Provided the delay in delivery can be referable to Buyer's activity, or Buyer fails to
take over the subject of contract on due date for any reason, in spite of this, the
payment obligation will raise for Buyer according to the projected delivery term,
as if the delivery had been performed, or the obligation of paying an interest of
delay will raise, that is twice the amount of the Central Bank basic interest rate.
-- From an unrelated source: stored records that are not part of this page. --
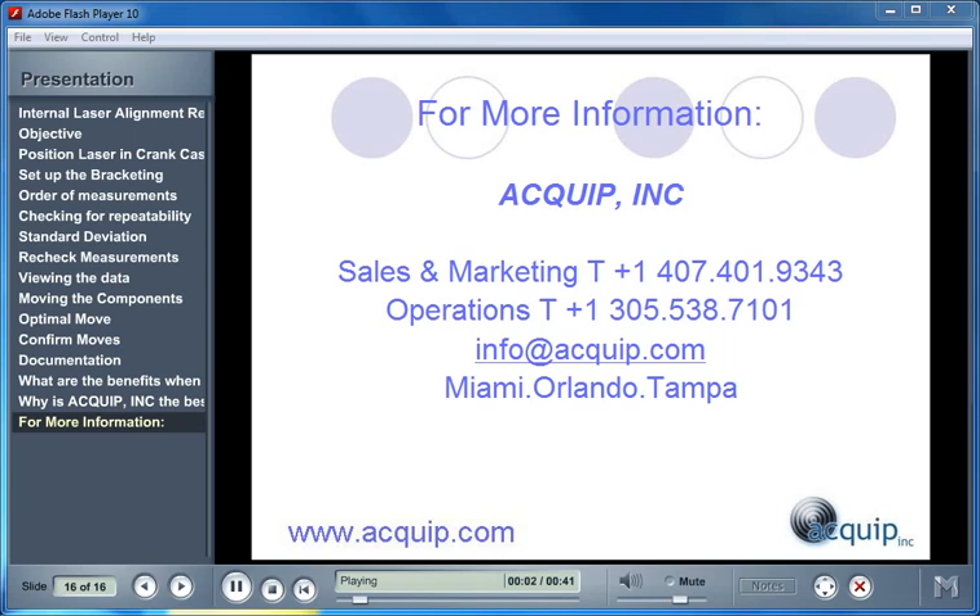Thank you for joining me for this presentation. For more information on Equip products and services, you can contact our sales office at 407-401-9343. For any technical questions, you can contact Operations at 305-538-7101. You can always find us on the internet at www.equip.com, or you can send us an email at info@equip.com. Remember, at Equip, alignment is our business.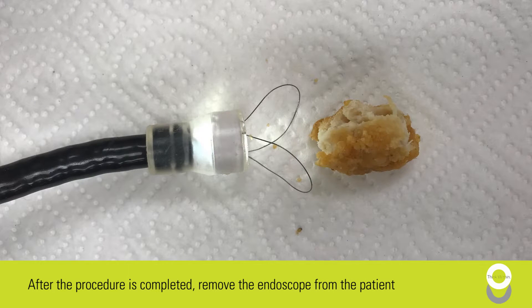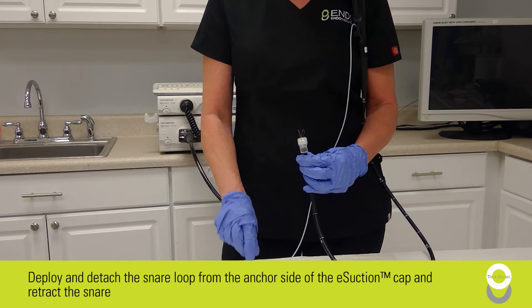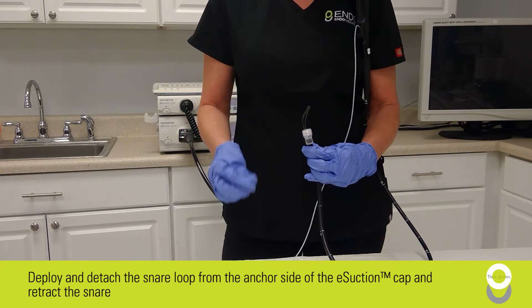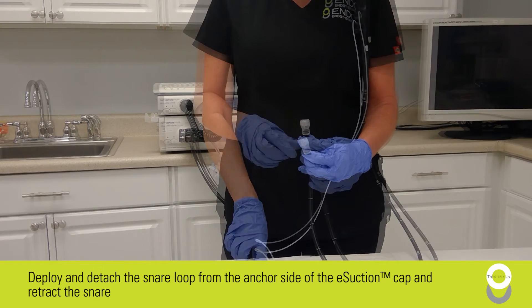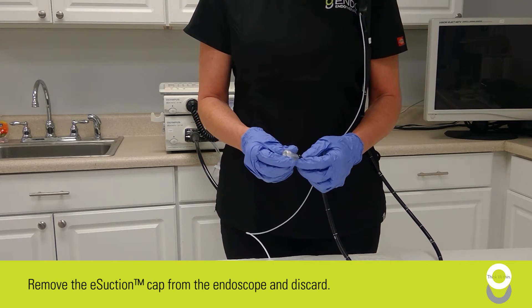After the procedure is completed, remove the endoscope from the patient. Deploy and detach the snare loop from the anchor side of the e-section cap and retract the snare. Finally, remove the e-section cap from the endoscope and discard.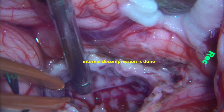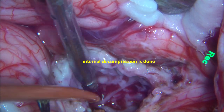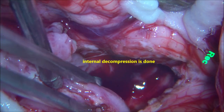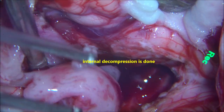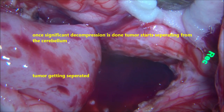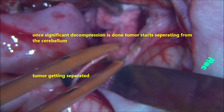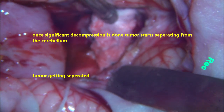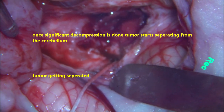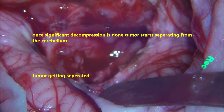Internal debulking is done and bleeding is stopped with bipolar coagulation — hemostasis is achieved. It is always better to have hemostasis at every stage. Once the internal decompression is done, the tumour starts getting separated by itself from the normal surrounding cerebellum. The tumour is quite well encapsulated, and once you do the decompression it starts separating. The raw surface of the cerebellum inferiorly and laterally is covered with wet cottonoids, and the inferior lobe is taken out completely.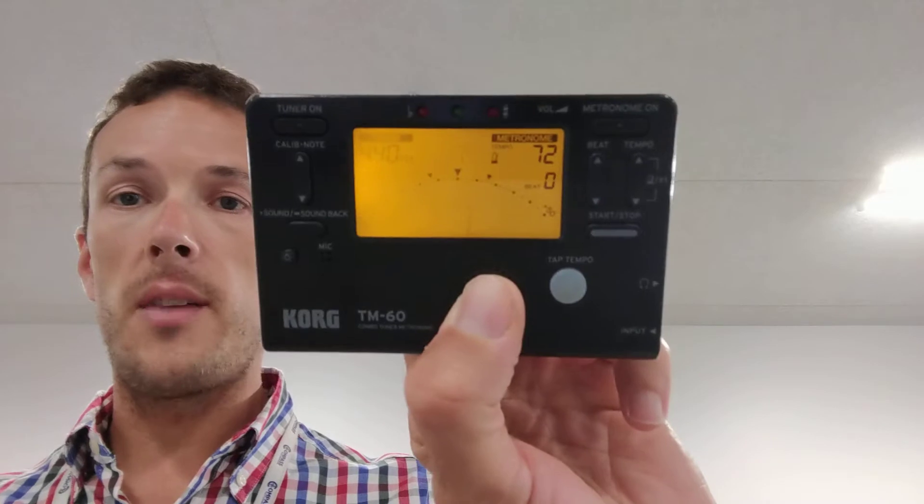All right, so to get this started, turn on your metronome. Got your metronome right here set to tempo 72. It's clicking at tempo 72.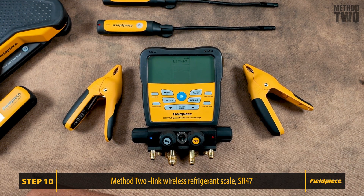And there you have it — that is how to link your JobLink tools to your S-Man manifold. Thank you for watching, and be sure to like and subscribe for more videos.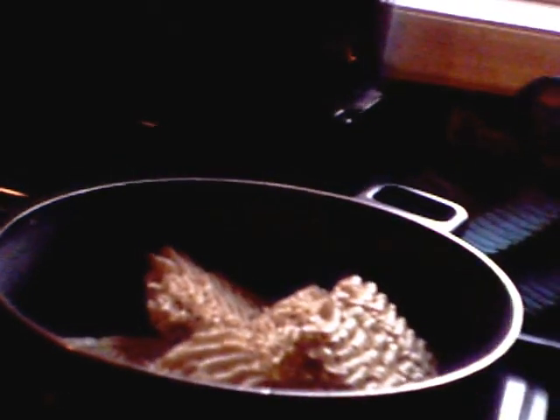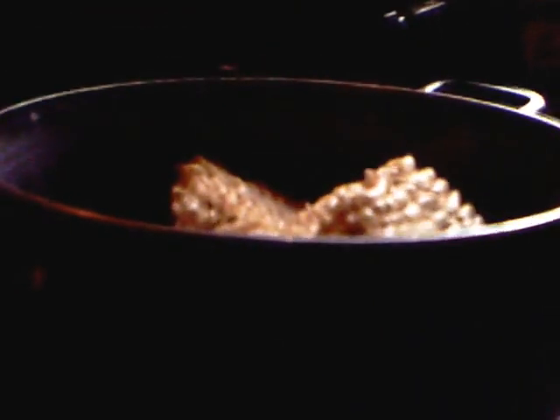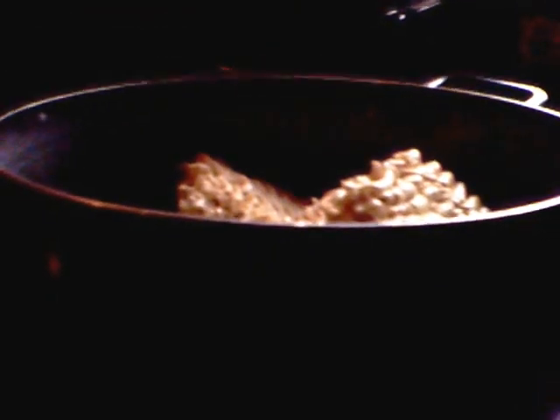Okay, to this pan I need to put in five cups of water. One, two, three, four, and five. Now we'll take this pan, put it on the stove, and start boiling it.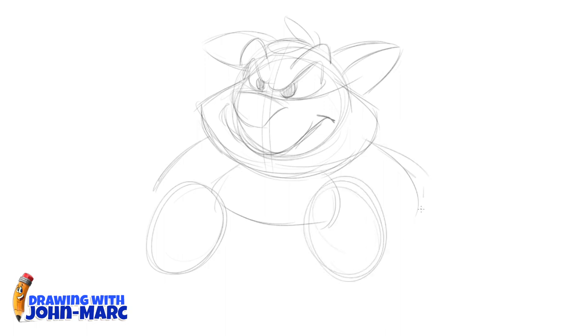There we go — got his hands, those are the circles where his hands are going to be, and his elbows. I'm just going to be doing his torso area for this lesson. That's one paw I'm working on, making a little cat paw.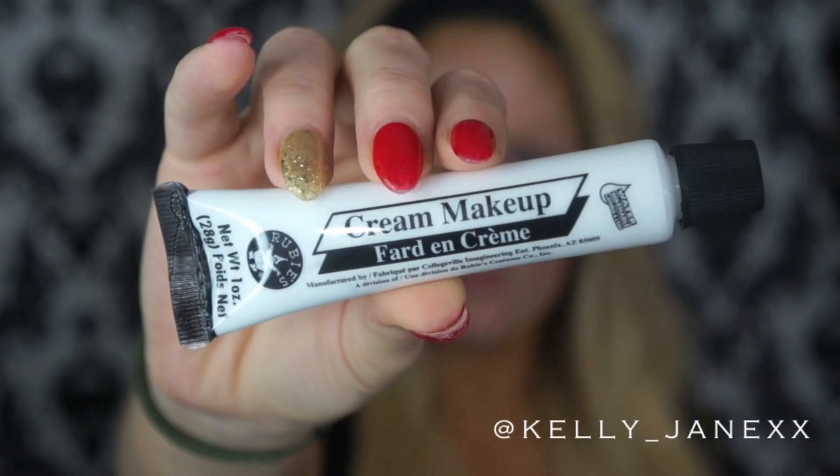Hi my loves! For this tutorial I wanted to do kind of a sexy, girly skeleton tutorial as opposed to all of the scary ones I usually see here on YouTube.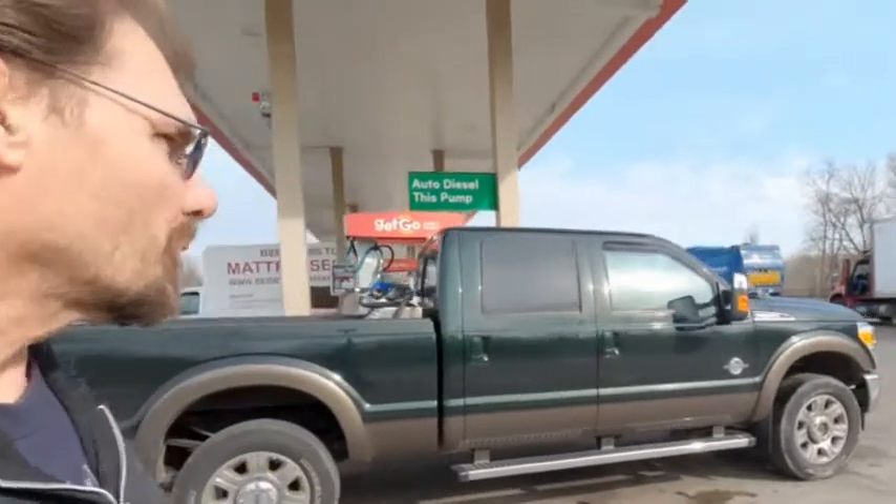My wife brought the truck back from Kentucky, so my truck has now been returned to me. But today is a big day. We're getting fueled up and ready to go, and we are going to pick up the new trailer.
The base of the interest of delay is the full contract price, or a part of it, respectively, depending on the delivery, while the starting point is the projected delivery
date up to the full payment date.
Without the full listing of Supplier's rights and legal remedy options, Supplier may:
a) instruct for the proper storing of the subject of contract up to the actual
delivery and charge Buyer all reasonable costs for storage, insurance
and maintenance;
b) sell the subject of contract at the best available price level and (after
deducting all reasonable storage and sales costs) charge Buyer with
all the shortfall between the original contractual price and the actual
sales price.
7)
BUYER'S RESPONSIBILITY
Buyer will define the application process of the subject of contract according to
his process requirements, furthermore, will determine and specify the matching
hardware configuration. Buyer is responsible for any arising deficiencies at his
own site, including, but not limited to input signals, power and environmental
conditions out of specified limit values and improper application engineering.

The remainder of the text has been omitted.